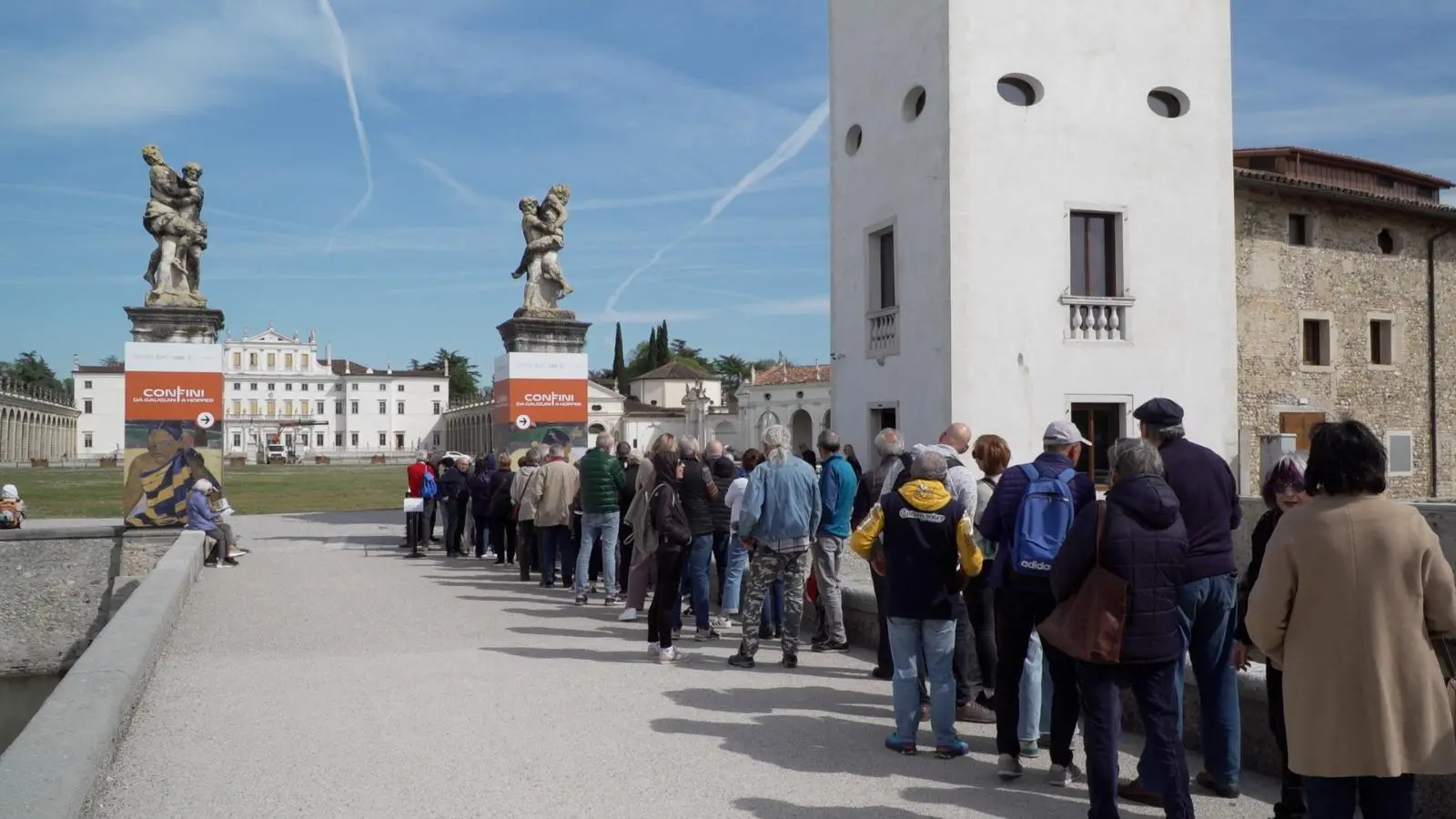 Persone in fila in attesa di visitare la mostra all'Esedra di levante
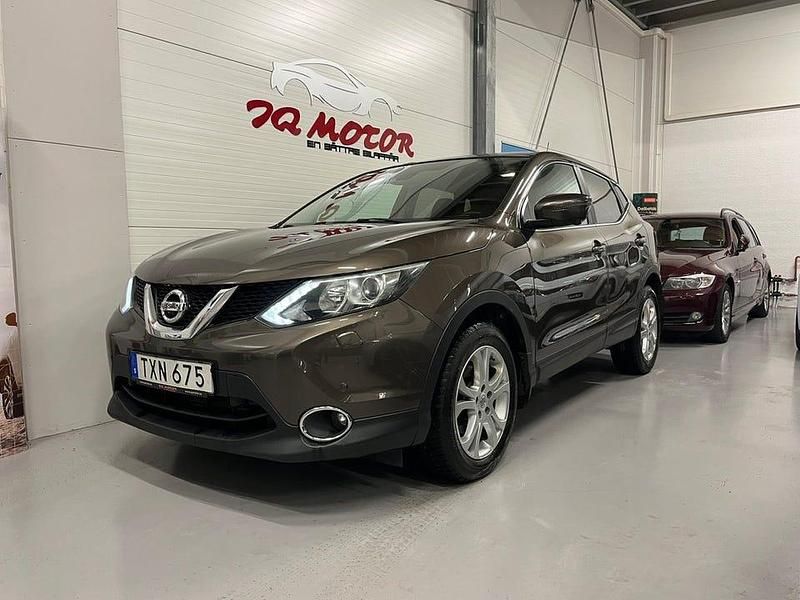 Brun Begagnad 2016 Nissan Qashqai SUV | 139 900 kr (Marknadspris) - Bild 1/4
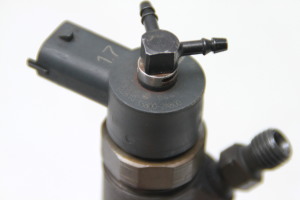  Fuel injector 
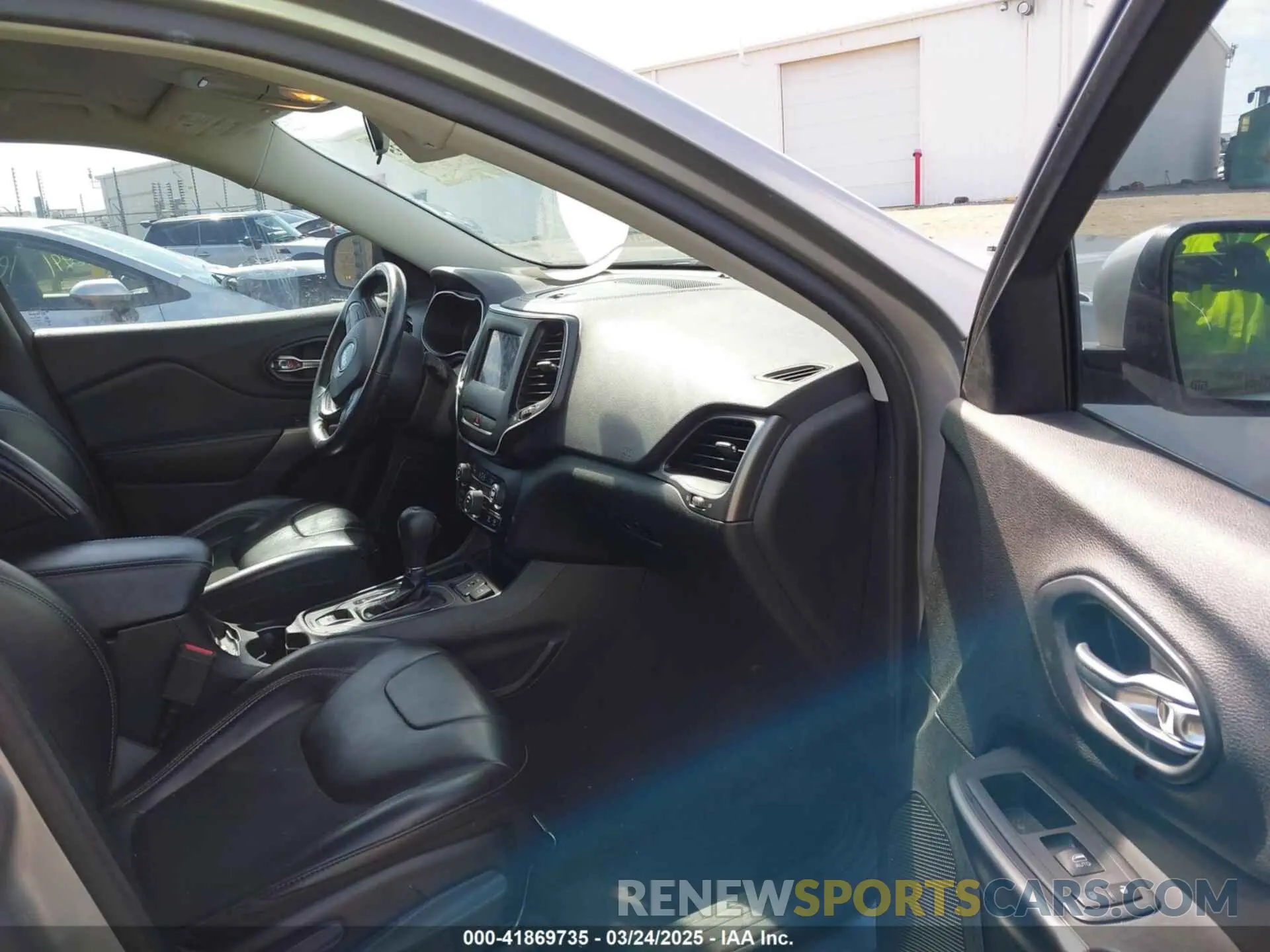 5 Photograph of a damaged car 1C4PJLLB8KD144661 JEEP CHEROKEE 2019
---
WHAT TO WORK ON:
Copy the data word for word, no pictures.

FINISHED EXERCISE:
 Persone in fila in attesa di visitare la mostra all'Esedra di levante
 Brun Begagnad 2016 Nissan Qashqai SUV | 139 900 kr (Marknadspris) - Bild 1/4
  Fuel injector 
 5 Photograph of a damaged car 1C4PJLLB8KD144661 JEEP CHEROKEE 2019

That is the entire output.